• _Your task_
All entries are to be repeated exactly as shown below.

[Opening Data listing section]

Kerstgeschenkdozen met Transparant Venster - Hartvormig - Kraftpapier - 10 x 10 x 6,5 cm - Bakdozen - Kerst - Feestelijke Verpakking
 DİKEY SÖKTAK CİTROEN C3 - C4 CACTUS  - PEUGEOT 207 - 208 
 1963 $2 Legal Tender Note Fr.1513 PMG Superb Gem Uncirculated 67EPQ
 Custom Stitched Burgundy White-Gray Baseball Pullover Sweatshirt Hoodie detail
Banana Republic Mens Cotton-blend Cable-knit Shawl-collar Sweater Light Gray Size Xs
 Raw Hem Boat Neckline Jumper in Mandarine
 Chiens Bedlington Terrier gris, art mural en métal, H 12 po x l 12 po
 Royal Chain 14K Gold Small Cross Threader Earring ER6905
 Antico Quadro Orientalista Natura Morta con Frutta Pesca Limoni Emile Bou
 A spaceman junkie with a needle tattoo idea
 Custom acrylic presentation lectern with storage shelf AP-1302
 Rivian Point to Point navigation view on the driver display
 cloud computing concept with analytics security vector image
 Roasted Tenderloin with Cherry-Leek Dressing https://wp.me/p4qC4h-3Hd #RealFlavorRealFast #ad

[Closing Data listing section]

• _Exercise output_
Kerstgeschenkdozen met Transparant Venster - Hartvormig - Kraftpapier - 10 x 10 x 6,5 cm - Bakdozen - Kerst - Feestelijke Verpakking
 DİKEY SÖKTAK CİTROEN C3 - C4 CACTUS  - PEUGEOT 207 - 208 
 1963 $2 Legal Tender Note Fr.1513 PMG Superb Gem Uncirculated 67EPQ
 Custom Stitched Burgundy White-Gray Baseball Pullover Sweatshirt Hoodie detail
Banana Republic Mens Cotton-blend Cable-knit Shawl-collar Sweater Light Gray Size Xs
 Raw Hem Boat Neckline Jumper in Mandarine
 Chiens Bedlington Terrier gris, art mural en métal, H 12 po x l 12 po
 Royal Chain 14K Gold Small Cross Threader Earring ER6905
 Antico Quadro Orientalista Natura Morta con Frutta Pesca Limoni Emile Bou
 A spaceman junkie with a needle tattoo idea
 Custom acrylic presentation lectern with storage shelf AP-1302
 Rivian Point to Point navigation view on the driver display
 cloud computing concept with analytics security vector image
 Roasted Tenderloin with Cherry-Leek Dressing https://wp.me/p4qC4h-3Hd #RealFlavorRealFast #ad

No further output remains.